Ten eerste vragen de leden van de D66-fractie aan het Presidium om nader te motiveren waarom geen opvolging is gegeven aan Aanbeveling 4? Overweegt het Presidium – om tegemoet te komen aan de aanbeveling van GRECO – een minder zwaar sanctieregime in te voeren?
Tevens vragen deze leden zich af op welke wijze andere landen vorm geven aan handhaving van de integriteitsregels? Welke mogelijkheden zijn er, en wat zijn de voor- en nadelen?
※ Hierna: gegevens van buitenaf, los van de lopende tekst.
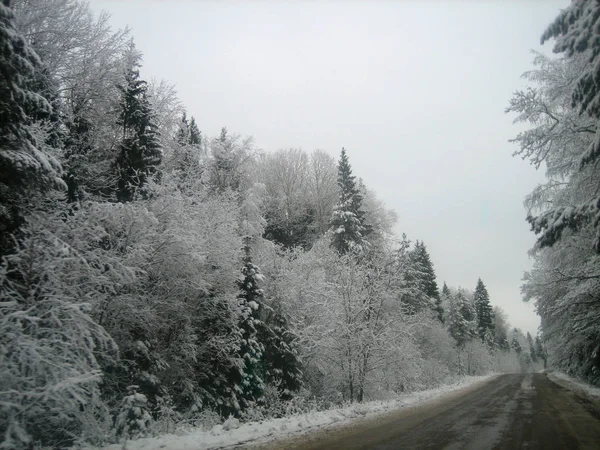 Asfaltowa droga w głębokim lesie w wilgotnym zimowym dniu. Zdjęcie Stockowe
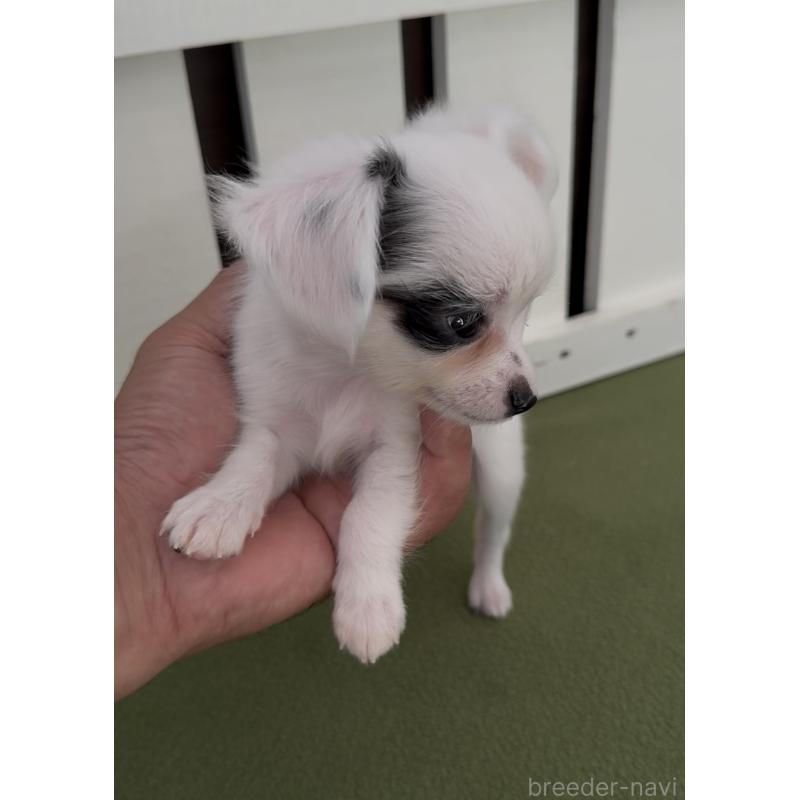 成約済の福岡県のミックス犬-408635の4枚目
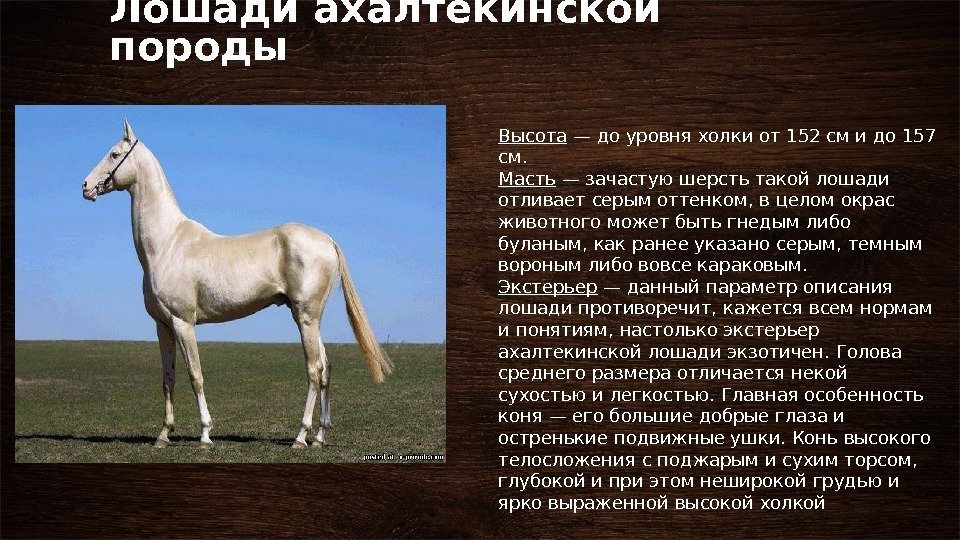 Лошадь – описание, виды, породы, питание, размножение, фото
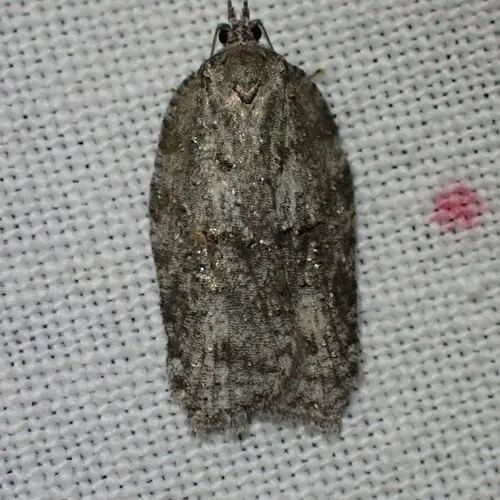 Black-lined Acleris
Ook hebben de leden van de D66-fractie opgemerkt dat er in de Eerste Kamer een integriteitscode is ontwikkeld. Heeft het Presidium van de Tweede Kamer contact gehad met de Eerste Kamer over deze code? Zo ja, heeft dit geleid tot een uitwisseling van ideeën en voorstellen? Is het Presidium van mening dat de nieuw te schrijven leidraad enigszins strookt met die van de Tweede Kamer?
De leden van de D66-fractie vragen zich tot slot af wat de planning is met betrekking tot uitvoering van de eerste aanbeveling. Op welke wijze zal de leidraad met bijbehorende toelichting worden opgesteld en wanneer zou deze voltooid moeten zijn? Kan de Kamer in kennis worden gesteld van het proces met betrekking tot deze leidraad?